Founder-led companies are truly different from manager-led companies.
Zuckerberg has many more moves available than Sundar does.
Founders in founder-led companies can take the steering wheel and turn it wherever they want, and the company must follow.
This means that a founder can navigate an org around an obstacle it cannot see or understand.
But it also means that if the founder is wrong, they can crash the organization: there's no one and no thing strong enough to counter-steer.
Founders have to know how to steer the organization they actually have, and if they missteer they can do a lot of damage, waste huge amounts of effort, and possibly crash the company.
Companies start out handling like sports cars, and slowly as they grow start to handle like big rigs.
You need to drive big rigs very differently.

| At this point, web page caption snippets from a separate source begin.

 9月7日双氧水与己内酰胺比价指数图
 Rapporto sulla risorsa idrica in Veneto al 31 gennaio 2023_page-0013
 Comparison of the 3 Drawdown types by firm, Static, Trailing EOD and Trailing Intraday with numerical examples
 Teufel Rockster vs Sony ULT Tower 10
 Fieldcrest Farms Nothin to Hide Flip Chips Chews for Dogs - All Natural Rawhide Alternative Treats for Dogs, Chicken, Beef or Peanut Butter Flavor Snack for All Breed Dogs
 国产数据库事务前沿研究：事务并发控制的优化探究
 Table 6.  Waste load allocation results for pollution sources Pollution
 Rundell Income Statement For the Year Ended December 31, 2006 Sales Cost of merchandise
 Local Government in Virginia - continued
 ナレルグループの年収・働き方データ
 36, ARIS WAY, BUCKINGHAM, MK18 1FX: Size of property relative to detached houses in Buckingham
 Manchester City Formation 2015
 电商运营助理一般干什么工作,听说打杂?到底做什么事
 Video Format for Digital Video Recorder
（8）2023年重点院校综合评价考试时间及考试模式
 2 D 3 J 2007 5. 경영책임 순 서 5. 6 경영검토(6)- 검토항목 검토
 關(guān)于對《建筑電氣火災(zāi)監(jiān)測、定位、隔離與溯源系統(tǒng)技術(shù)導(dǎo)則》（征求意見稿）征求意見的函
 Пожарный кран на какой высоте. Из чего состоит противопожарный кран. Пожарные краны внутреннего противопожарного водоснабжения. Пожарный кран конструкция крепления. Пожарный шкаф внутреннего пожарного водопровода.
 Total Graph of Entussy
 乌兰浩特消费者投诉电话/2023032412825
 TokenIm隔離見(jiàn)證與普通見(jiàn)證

A sports car you can turn on a dime; if you do that in a big rig you'll jack knife.
As the company gets larger, every steering adjustment cascades out through successive waves in the company, needing to be reinterpreted and ingested by teams and then transmitted onward.
If there's not enough slack, by the end of the chain it can be high-speed whiplash.
One of the best predictors of a post-PMF founder-led startup failing is when the company grows larger than any organization that any of the founders have previously worked at.
Being the boss is fundamentally different from being an employee, and that difference scales super-linearly with organization size.
You need to experience it to have the knowhow to navigate it.
If you haven't been in the emergent politics of an organization of that scale, you won't understand intuitively how they work.